As Charlotte new-home construction rebounds from its prolonged slump, prices are up and builders are busier than they have been in five or six years. Lumber delivery trucks are rolling and the pop of nail guns signals the return of construction jobs. All good news.
It’s too soon to paint a clear picture of the rebound. There just aren’t enough numbers in, despite what you see and hear.
But insiders offer their best take on what’s happening – including their warning that the lack of new lots poses a huge speed bump down the road. That should give you pause if you’ll be shopping for a new home in the next few years. Or, rather, send you to tour models now.
Chuck Graham of Newton Graham Consultants, who tracks the local market for builders and other clients, says he hasn’t been surprised by anything he’s seen so far. “It’s too early ...” he said. “We’ve got a lot of mess to work through before any surprises show.”
Here’s what he means: At the peak in 2006, builders in the eight-county Charlotte market took out 27,000 single-family permits. At the bottom in 2010, they pulled just 6,400. Now – despite the buzz of activity – the number has rebounded only to 9,300.
The median closing price is at $226,500, almost back to its peak of $228,000, but not the numbers sold.
Overwhelmingly, say Graham and Alan Banks, president of the Home Builders Association of Charlotte, construction is on lots developed before the downturn, or on reconfigured parcels.
“We’re back to saying, ‘What can we do at higher density, especially closer in?’” Banks said.
He cites what he sees along Carmel Road, for instance.
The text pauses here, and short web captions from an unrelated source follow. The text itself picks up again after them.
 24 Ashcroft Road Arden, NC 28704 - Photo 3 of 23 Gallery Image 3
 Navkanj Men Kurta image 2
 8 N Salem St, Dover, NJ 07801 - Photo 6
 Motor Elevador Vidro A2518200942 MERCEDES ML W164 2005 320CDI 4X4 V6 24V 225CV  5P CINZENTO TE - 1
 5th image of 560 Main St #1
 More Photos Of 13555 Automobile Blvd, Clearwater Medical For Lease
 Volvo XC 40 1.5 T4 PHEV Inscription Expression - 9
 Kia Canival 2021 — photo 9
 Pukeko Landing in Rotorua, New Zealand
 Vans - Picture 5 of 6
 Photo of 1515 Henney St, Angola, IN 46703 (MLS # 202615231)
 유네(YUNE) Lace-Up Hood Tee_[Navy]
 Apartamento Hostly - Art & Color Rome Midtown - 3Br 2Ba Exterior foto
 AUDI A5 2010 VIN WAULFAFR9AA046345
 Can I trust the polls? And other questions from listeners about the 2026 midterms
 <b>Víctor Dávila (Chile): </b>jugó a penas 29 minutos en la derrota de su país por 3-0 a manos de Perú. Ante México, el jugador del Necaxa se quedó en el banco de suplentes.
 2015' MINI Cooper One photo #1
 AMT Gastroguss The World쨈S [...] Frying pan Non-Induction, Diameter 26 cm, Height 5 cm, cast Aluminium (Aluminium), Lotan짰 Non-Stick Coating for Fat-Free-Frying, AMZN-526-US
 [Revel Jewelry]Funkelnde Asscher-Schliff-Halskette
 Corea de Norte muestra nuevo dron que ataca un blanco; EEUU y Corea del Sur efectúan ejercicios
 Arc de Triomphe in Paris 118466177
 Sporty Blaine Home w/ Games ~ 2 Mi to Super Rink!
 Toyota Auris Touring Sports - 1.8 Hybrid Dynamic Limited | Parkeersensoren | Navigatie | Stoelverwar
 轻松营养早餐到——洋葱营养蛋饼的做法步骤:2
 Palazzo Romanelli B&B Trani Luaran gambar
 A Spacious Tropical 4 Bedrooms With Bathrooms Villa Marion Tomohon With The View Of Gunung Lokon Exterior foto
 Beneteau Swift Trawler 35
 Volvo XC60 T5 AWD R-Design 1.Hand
Before the downturn, many new homes along Carmel were priced at more than $1 million. Now, several of those 120-foot-wide lots have been converted to two 60-foot lots – with home prices cut to match.
The newest lots in The Palisades in southwest Mecklenburg are smaller than they would have been at the peak of the boom, he said. The same is true at Springfield in Fort Mill. “Builders who are able to do that are doing OK,” he said.
Banks and Graham agree: No new traditional subdivisions are being developed.
Builders are erecting houses on lots bought during the downturn, often at fire-sale prices. All the best lots have been snapped up, Graham said. When those are gone, buyers will face steep price hikes.
As builders run out of bargain existing lots, they’ll have no choice but to bid up the price of land for new lots, a problem all across the country. “All the new stuff coming on board will be substantially higher than existing lots,” Graham said.